Si l’entreprise est une maquette du monde contemporain, le paysage contemporain est une maquette du territoire dans ses acceptions sociologiques et humaines.
— Mabrouk, 2003. 1000 mini jardins (15 x 15 cm), structure en bastaing. 7 X 5 m.
— Sans titre. Maquette de supermarché en bois laqué avec lignes de parking et mécanisme musical alternatif.
— Jardin tout terrain, 2003. Maquette du jardin du Familistère de Guise, maquette du complexe sportif de Combourg, maquette du site minier de Wallers-Arenberg.
— Caracas. Photo, plans et textes.
— Fin de la civilisation. Photos (6 x 40 cm), photomontages 60 x 80 cm.
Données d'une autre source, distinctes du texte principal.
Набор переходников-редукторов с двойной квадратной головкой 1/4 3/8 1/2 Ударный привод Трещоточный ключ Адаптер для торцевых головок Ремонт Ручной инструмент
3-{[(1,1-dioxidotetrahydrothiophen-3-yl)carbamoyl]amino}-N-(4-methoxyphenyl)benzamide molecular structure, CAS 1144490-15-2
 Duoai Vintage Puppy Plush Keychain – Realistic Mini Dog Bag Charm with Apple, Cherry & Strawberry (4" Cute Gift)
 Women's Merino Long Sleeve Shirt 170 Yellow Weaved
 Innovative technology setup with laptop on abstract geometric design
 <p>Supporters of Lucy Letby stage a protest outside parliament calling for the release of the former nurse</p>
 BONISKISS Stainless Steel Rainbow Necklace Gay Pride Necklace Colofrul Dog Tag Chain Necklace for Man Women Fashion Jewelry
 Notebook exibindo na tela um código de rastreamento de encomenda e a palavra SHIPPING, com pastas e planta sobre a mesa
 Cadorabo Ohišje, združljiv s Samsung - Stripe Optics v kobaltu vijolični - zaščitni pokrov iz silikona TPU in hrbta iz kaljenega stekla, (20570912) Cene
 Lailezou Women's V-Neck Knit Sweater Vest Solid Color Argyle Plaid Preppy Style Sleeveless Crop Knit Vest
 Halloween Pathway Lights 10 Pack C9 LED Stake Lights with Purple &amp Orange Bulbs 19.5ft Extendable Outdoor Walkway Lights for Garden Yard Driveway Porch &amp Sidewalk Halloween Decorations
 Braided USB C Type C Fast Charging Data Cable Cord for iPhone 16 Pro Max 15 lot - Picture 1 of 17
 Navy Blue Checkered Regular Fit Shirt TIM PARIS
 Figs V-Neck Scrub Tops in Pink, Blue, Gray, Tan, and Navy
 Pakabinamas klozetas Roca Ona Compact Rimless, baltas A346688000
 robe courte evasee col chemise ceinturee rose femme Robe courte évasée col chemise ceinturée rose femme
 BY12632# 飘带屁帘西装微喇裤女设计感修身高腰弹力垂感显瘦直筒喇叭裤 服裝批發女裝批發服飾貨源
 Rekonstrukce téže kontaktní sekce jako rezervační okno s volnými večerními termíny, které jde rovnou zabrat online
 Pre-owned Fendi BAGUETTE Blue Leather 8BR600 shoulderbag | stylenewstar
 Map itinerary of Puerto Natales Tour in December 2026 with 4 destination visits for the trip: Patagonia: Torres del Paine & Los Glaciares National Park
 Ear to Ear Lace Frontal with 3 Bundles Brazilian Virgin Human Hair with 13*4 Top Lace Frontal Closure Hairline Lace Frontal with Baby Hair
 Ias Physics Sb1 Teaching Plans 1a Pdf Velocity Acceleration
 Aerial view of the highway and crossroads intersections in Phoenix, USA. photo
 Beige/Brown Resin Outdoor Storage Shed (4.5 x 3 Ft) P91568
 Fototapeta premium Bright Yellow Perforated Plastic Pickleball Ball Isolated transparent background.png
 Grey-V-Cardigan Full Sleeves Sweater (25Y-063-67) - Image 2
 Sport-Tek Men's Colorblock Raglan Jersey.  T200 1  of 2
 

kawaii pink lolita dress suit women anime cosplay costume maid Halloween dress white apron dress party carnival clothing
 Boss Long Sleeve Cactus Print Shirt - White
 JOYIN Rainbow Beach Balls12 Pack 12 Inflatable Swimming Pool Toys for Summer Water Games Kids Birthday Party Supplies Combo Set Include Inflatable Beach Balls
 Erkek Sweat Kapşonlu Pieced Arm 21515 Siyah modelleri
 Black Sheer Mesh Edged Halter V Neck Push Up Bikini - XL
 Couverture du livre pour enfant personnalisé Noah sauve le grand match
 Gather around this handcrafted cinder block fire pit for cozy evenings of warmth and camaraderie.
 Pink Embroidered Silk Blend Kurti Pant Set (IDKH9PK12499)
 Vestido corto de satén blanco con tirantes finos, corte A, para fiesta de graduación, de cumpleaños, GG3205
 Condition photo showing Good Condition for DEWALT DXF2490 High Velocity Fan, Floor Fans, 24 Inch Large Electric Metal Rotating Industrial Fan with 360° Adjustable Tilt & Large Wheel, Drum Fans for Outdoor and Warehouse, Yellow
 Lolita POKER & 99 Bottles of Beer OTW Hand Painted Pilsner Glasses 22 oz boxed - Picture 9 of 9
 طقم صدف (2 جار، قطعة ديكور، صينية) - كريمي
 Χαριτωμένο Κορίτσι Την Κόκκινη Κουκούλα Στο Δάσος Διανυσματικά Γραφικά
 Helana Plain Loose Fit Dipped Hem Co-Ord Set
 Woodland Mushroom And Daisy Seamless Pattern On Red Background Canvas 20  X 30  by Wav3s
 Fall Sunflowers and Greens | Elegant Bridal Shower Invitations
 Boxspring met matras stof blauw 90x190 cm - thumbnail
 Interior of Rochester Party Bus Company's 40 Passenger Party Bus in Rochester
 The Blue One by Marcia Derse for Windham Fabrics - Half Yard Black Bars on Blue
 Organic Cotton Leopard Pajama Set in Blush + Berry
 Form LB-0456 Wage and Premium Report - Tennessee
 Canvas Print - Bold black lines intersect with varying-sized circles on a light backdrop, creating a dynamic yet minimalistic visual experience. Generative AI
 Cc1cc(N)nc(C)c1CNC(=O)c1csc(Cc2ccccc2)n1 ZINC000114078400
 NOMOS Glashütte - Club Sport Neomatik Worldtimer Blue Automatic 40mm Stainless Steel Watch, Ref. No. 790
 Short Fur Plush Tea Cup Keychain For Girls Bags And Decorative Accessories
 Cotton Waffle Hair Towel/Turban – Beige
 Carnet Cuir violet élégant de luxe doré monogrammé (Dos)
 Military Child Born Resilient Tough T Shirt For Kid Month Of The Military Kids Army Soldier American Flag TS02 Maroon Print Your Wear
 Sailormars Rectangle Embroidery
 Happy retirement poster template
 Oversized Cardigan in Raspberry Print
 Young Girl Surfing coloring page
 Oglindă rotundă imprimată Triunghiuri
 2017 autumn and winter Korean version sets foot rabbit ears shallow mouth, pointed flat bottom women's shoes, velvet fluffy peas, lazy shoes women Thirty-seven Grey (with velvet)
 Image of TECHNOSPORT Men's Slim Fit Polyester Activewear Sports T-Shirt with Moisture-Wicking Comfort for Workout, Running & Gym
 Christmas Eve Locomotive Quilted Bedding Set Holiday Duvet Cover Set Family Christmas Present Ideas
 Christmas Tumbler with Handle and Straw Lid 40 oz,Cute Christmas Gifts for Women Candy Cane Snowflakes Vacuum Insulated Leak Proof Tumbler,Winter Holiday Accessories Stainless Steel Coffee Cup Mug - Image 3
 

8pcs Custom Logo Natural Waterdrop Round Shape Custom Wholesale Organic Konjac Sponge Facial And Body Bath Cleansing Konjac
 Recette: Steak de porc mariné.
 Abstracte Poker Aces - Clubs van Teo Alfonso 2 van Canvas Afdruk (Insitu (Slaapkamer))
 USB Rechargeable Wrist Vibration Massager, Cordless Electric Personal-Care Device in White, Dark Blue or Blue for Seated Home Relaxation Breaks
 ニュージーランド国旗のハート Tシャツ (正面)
— Sans titre. Maquette de pavillons et de barres HLM.
— Paysage canin. Prototype de niche corbuséenne en tripli, volière.
— Topo foot. Terrain de foot et peinture pour gazon.
— Gîtes ruraux en Seine-et-Marne. 2 structures d’échafaudage. 7 x 4 m.
— Sans titre. 130 maquettes de pavillon en résine. h : 2 m, Ø 1,5 m.
— Tours de refroidissement. 2 maquettes en acier peint.
— Sans titre. Canard à bascule, bois. 2 x 3 m.